Cher Madame Constantine Dutrec-Breteuil,
Peut-être connaissez-vous encore mon nom, Marie Lefèvre, peut-être l’avez-vous oublié, peut-être la vie vous en a-t-elle fait brusque rappel il y a peu…
Depuis le collège beaucoup de choses ont changé, alors, moi, votre ancienne élève, je vais vous raconter, vous raconter ce que je fus, ce que j’ai été, mais surtout ce que je suis désormais : Marie Lefèvre, auteure, poète et, maintenant, prix Nobel de littérature. Il y a de ça une trentaine d’année, au collège Georges Cabanis, je fus votre élève.
Je fus cette élève, au début désintéressée et distante, qui n’était toujours qu’à moitié à l’écoute. Cette jeune fille peu sereine qui n’était pas sûre d’elle. Et si j’ai pu devenir, malgré cela, celle que je suis c’est grâce à vous, à vos cours. C’en est un en particulier qui retient mon attention, un mardi, a dix heures. Oui, je m’en souviens encore, ce mardi à dix heures. Ce jour-là, nous, vos élèves, entrions bruyamment dans la salle de classe et vous, professeure, nous fîtes taire d’un haussement de voix, réclamant le « Silence ! ». Nous nous fîmes silencieux. Nous vous écoutions calmement introduire le cours par un bref discours. Nous allions faire le point sur notre récente lecture. Pendant une dizaine de minutes, le cours resta axé seulement sur le livre et le travail à faire. Finalement, votre voix commença à s’éloigner du sujet initial. Vous nous fîtes un discours passionné sur le but du livre et ses valeurs. Vous disiez que « l’écrivain conte le réel par l’imaginaire », que « Le devoir d’un auteur est d’éveiller les cœurs », que « la plume est l’arme du changement ». Ces phrases, et bien d’autres, trouvèrent un écho en moi : c’est ça, oui c’était ça que je voulais faire. Je voulais frapper de mes mots, toucher les cœurs, créer, imaginer, rêver. J’écoutais avec attention votre discours valeureux et ne vis pas passer l’heure. Le lendemain même, un brusque changement d’attitude dévoila une élève active et passionnée. Ce fut un moment marquant qui déclencha un flot de changements, si bien que je m’en souviens tout particulièrement.
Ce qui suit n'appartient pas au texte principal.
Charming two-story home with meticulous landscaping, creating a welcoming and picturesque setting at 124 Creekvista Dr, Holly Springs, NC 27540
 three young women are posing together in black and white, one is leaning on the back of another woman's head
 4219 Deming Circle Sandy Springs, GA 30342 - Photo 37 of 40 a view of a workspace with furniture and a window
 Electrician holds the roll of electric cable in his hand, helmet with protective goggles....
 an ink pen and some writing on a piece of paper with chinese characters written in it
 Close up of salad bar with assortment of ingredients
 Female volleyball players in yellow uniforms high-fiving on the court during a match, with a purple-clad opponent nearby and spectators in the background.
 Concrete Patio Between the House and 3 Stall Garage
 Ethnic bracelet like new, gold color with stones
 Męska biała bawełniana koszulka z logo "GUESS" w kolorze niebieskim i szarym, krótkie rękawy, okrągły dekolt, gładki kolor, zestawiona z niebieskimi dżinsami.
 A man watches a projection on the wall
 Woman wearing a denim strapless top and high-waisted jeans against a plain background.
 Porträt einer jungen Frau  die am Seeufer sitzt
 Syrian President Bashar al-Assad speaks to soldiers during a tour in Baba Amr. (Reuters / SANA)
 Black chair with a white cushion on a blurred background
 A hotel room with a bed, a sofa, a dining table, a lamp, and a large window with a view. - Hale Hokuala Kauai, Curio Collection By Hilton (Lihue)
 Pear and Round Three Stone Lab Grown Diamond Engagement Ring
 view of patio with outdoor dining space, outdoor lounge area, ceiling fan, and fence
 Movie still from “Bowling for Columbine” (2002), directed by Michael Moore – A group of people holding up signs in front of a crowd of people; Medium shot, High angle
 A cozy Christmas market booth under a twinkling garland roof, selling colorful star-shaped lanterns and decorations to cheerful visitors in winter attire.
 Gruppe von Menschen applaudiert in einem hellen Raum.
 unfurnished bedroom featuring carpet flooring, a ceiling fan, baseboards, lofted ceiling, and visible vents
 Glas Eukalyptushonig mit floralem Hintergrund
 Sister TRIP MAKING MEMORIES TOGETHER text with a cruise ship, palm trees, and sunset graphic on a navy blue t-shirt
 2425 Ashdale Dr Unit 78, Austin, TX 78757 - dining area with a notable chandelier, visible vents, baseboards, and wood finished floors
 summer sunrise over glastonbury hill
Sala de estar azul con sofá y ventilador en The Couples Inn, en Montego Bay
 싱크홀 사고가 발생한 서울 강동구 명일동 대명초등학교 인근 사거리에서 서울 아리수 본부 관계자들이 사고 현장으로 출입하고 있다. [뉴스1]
Ainsi, grâce à vous, je suis devenue celle que je suis. Grâce à vous j’ai appris à prendre confiance, à grandir, à contrôler, à tenir mes émotions. J’ai appris à aimer écrire, à aimer relater. J’ai éveillé des cœurs de pierre, fait fondre des cœurs de glace. J’ai créé le rêve, appris l’amour aux vrais souverains de la terre. Et partout on m’a lu, et partout on a entendu ma voix, et partout transmis mes valeurs. J’ai fait preuve de hardiesse, de courage, je me suis faite valeureuse à la recherche d’un idéal. J’ai décrit les travers de l’homme, et ses beautés paradoxales. J’ai poursuivi mes idéaux. J’ai raconté les amours les plus purs, relaté les plus monstrueuses natures. Je suis devenue cette femme forte de valeurs et d’idéaux, mais aussi cette femme qui, sachant traiter sérieusement un sujet, n’en reste pas dénuée d’humour et de joie de vivre, n’en reste pas seule et solitaire. Une femme qui reste, malgré tout, humaine. Je partage les joies et les peurs de mes semblables, je partage leurs peines, leurs malheurs, leurs horreurs. Voilà ce que je suis maintenant, mon parcours professionnel, au milieu de tout ça, n’a pas de réelle importance. Non, ce n’est pas vraiment l’important, parce que, récemment, mes efforts ont été récompensés : je suis maintenant prix Nobel de littérature, grâce à toute mon œuvre. Et je vous remercie, vous, professeure, de m’y avoir aidée.
Merci, de la part de tous ceux que vous avez formé à la vie, de tous ceux qui vous avez transmis vos valeurs. Merci du fond de nos cœurs.